由于 $x\left(0\right)=x^{\prime }\left(0\right)=\cdots =x^{\left(n-2\right)}=0$，得 $c_2=c_3=\cdots =c_n=0$，因此有

$x\left(t\right)=-\frac{1}{\Gamma \left(\alpha \right)}{\displaystyle {\int }_0^t{\left(t-s\right)}^{\alpha -1}y\left(s\right)\text{d}s}+c_1{t}^{\alpha -1},$

$D_{0^{+}}^{\alpha -1}x\left(t\right)=c_1\Gamma \left(\alpha \right)-{\displaystyle {\int }_0^{t}y\left(s\right)\text{d}s}.$

又有 $D_{0^{+}}^{\alpha -1}x\left(1\right)={\displaystyle {\int }_0^{1}h\left(t\right)x\left(t\right)\text{d}A\left(t\right)}$ 及

$D_{0^{+}}^{\alpha -1}x\left(1\right)=c_1\Gamma \left(\alpha \right)-{\displaystyle {\int }_0^{1}y\left(s\right)\text{d}s}.$

可得

$c_1=\frac{1}{\Gamma \left(\alpha \right)}\left({\displaystyle {\int }_0^{1}h\left(t\right)x\left(t\right)\text{d}A\left(t\right)}+{\displaystyle {\int }_0^{1}y\left(s\right)\text{d}s}\right),$

所以

$\begin{array}{c}x\left(t\right)=-\frac{1}{\Gamma \left(\alpha \right)}{\displaystyle {\int }_0^t{\left(t-s\right)}^{\alpha -1}y\left(s\right)\text{d}s}+t^{\alpha -1}\frac{1}{\Gamma \left(\alpha \right)}\left({\displaystyle {\int }_0^{1}h\left(t\right)x\left(t\right)\text{d}A\left(t\right)}+{\displaystyle {\int }_0^{1}y\left(s\right)\text{d}s}\right)\\ ={\displaystyle {\int }_0^1{G}_0\left(t,s\right)y\left(s\right)\text{d}s}+\frac{t^{\alpha -1}}{\Gamma \left(\alpha \right)}{\displaystyle {\int }_0^{1}h\left(t\right)x\left(t\right)\text{d}A\left(t\right)}.\end{array}$ (2.3)

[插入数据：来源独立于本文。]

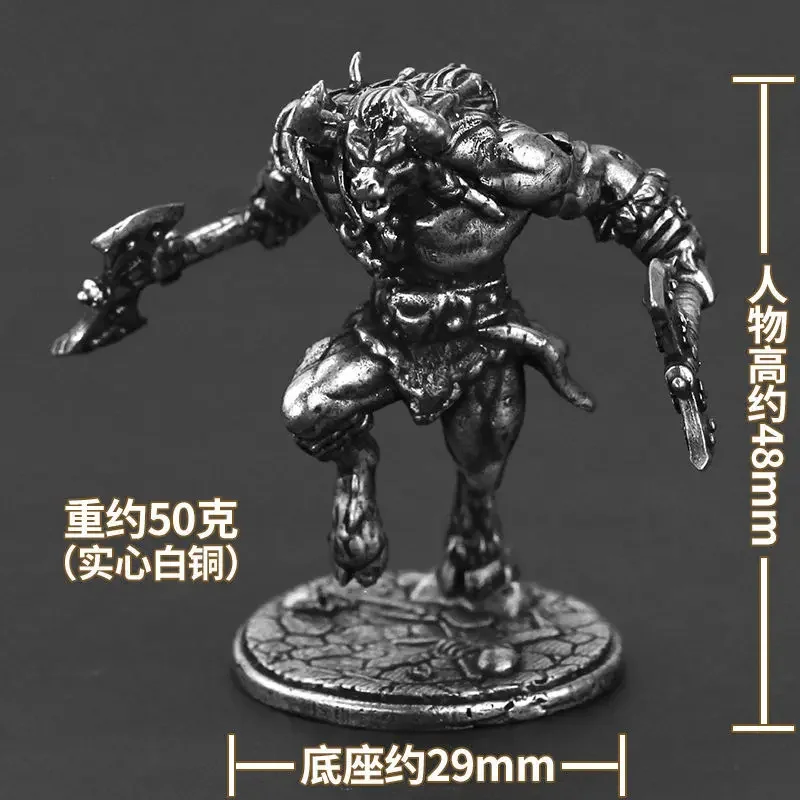 Greek Mythology Gods Armored Fighter Models Miniature DIY for Desk Decoration Copper Solid Metal Models For Men Gifts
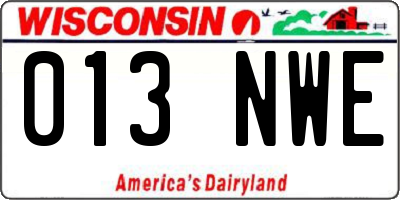 WI license plate 013NWE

对(2.3)式两端乘以 $h\left(t\right)$ 并且求关于 $A\left(t\right)$ 的积分，有

${\displaystyle {\int }_0^{1}h\left(t\right)x\left(t\right)\text{d}A\left(t\right)}=\frac{\Gamma \left(\alpha \right)}{\Gamma \left(\alpha \right)-{\displaystyle {\int }_0^{1}h\left(t\right)t^{\alpha -1}\text{d}A\left(t\right)}}{\displaystyle {\int }_0^{1}h\left(t\right)}{\displaystyle {\int }_0^1{G}_0\left(t,s\right)y\left(s\right)\text{d}s\text{d}A\left(t\right)},$

所以

$\begin{array}{c}x\left(t\right)={\displaystyle {\int }_0^1{G}_0\left(t,s\right)y\left(s\right)\text{d}s}+\frac{t^{\alpha -1}}{\Gamma \left(\alpha \right)}{\displaystyle {\int }_0^{1}h\left(t\right)x\left(t\right)\text{d}A\left(t\right)}\\ ={\displaystyle {\int }_0^1{G}_0\left(t,s\right)y\left(s\right)\text{d}s}+\frac{t^{\alpha -1}}{\Gamma \left(\alpha \right)}\frac{\Gamma \left(\alpha \right)}{\Gamma \left(\alpha \right)-{\displaystyle {\int }_0^{1}h\left(t\right)t^{\alpha -1}\text{d}A\left(t\right)}}{\displaystyle {\int }_0^{1}h\left(t\right)}{\displaystyle {\int }_0^1{G}_0\left(t,s\right)y\left(s\right)\text{d}s\text{d}A\left(t\right)}\\ ={\displaystyle {\int }_0^1{G}_0\left(t,s\right)y\left(s\right)\text{d}s}+\frac{t^{\alpha -1}}{\Gamma \left(\alpha \right)-{\displaystyle {\int }_0^{1}h\left(t\right)t^{\alpha -1}\text{d}A\left(t\right)}}{\displaystyle {\int }_0^{1}h\left(t\right)}{\displaystyle {\int }_0^1{G}_0\left(t,s\right)y\left(s\right)\text{d}s\text{d}A\left(t\right)}\\ ={\displaystyle {\int }_0^1{G}_0\left(t,s\right)y\left(s\right)\text{d}s}+{\displaystyle {\int }_0^1{G}_1\left(t,s\right)y\left(s\right)\text{d}s}={\displaystyle {\int }_0^{1}G\left(t,s\right)y\left(s\right)\text{d}s}.\end{array}$

引理2.3：由(2.2)定义的 $G\left(t,s\right)$ 有下列性质：

1) $G\left(t,s\right)\ge 0$，$\left(t,s\right)\in \left[0,1\right]\times \left[0,1\right]$。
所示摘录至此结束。